Psikiyatr Fatma Arkaz, “Aşırı sıcaklar, kuraklıklar, su sıkıntısı, orman yangınları ve seller gibi olaylar giderek artış göstermekte ve bu olayların insan yaşamı üzerindeki etkilerini ilgili haberlerde sürekli görmekteyiz. Bu durumlar yalnızca çevresel değil, sağlık ve ruh sağlığı açısından da ciddi sonuçlar doğuruyor” şeklinde ifade etti.
Arkaz, “Psikolojik dayanıklılık, geliştirilmesi mümkün bir kapasitedir. Bu süreçte alınacak adımlar, bireyin içsel gücünü arttırabilir ve toplumsal dayanışmayı destekleyebilir” diyerek, geleceğe yönelik kaygılar konusunda neler yapılması gerektiğine değindi.
Arkaz, iklim değişikliğini, “İnsan aktivitelerinin küresel atmosferin bileşimini doğrudan veya dolaylı olarak etkilemesinin sonucu olarak ortaya çıkan uzun vadeli iklimsel değişiklikler” olarak tanımladı. Bu değişikliklerin beklenenden daha hızlı meydana geldiğine ve bunun durumu bir iklim krizine dönüştürdüğüne dikkat çekti. Arkaz, “İklim krizi, insanlık için varoluşsal bir tehdit teşkil ederek sağlık alanında da tehlikeler yaratıyor. İklim değişikliğinin zihinsel ve duygusal boyutlarımız üzerindeki etkilerini anlamaya başladıkça, yeni kavramlar da ortaya çıkıyor. Örneğin, ‘ekolojik yas’ ve ‘eko-kaygı’, insanların iklim değişikliği ile ilgili yaşadığı kayıpları ve endişeleri tanımlamak için kullanılan yeni terimlerdir” dedi.
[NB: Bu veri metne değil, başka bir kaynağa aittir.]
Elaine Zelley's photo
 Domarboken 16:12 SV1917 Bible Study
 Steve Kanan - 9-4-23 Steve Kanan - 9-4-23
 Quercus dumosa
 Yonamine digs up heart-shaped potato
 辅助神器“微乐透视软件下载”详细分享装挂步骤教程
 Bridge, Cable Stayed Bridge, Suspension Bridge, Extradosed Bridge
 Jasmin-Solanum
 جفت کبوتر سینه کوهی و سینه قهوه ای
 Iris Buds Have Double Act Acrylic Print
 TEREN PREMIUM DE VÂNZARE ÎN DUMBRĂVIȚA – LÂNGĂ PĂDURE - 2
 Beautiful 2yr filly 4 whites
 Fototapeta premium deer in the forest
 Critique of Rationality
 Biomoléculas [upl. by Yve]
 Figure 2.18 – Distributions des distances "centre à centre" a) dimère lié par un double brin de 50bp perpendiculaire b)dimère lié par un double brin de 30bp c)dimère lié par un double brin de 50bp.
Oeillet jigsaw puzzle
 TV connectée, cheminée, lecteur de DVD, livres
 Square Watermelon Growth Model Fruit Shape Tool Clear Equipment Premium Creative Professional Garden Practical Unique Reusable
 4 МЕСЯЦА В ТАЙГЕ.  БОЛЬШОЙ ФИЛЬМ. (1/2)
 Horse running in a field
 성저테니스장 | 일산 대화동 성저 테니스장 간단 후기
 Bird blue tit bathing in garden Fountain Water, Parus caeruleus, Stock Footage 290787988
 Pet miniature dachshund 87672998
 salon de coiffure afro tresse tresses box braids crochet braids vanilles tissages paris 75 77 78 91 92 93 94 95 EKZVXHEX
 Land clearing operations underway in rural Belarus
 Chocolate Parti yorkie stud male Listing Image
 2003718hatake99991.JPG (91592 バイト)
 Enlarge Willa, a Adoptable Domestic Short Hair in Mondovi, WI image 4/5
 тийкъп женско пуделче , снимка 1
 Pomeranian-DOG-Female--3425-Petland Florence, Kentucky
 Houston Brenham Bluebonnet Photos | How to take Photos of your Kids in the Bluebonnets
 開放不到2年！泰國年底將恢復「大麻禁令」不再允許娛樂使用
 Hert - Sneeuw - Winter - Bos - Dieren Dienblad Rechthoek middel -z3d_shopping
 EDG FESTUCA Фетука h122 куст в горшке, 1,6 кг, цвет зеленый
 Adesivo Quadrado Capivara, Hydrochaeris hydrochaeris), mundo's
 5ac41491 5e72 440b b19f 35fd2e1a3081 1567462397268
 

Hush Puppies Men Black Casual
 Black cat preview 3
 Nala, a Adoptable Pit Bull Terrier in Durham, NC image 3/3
“TOPLUM OLARAK DESTEĞE İHTİYAÇ VAR”
Eko-kaygının iklim krizine doğal bir tepki olduğunu ifade eden Arkaz, “Zamanla bu kaygı, bireylerin toplum ve gelecek hakkında umutlarını sorgulayabilir; yerini öfke, umutsuzluk ya da çaresizlik duygularına bırakabilir. Artan sıcaklıklar, mevcut ruhsal sorunları daha da derinleştirirken; aşırı hava olayları ve doğal afetler travma sayısını da artırmaktadır. Bu durum, toplum genelinde ruh sağlığı desteğine duyulan ihtiyacı belirgin bir şekilde ortaya koymaktadır” dedi.
“UMUTSUZLUĞA SÜRÜKLÜYOR”
Arkaz, iklim krizine karşı yürütülen mücadelenin yalnızca doğayı korumaktan öteye geçmesi gerektiğini vurguladı. “Bu süreç, insanların iç dünyasını da onarmayı hedeflemelidir. Çünkü iklim krizi sadece ekosistemleri değil; bireylerin umutlarını, güven duygusunu ve gelecek hayallerini de sarsmaktadır. Bu nedenlerden ötürü, çözüm arayışları bireysel çabaların ötesine geçmeli ve toplumsal dayanışma ile ruhsal iyileşme süreçlerine dönüşmelidir. Doğayla kurulan bağ güçlendikçe, yalnızca ağaçlar değil; içimizdeki denge ve huzur da yeniden yeşerebilir” diye ekledi.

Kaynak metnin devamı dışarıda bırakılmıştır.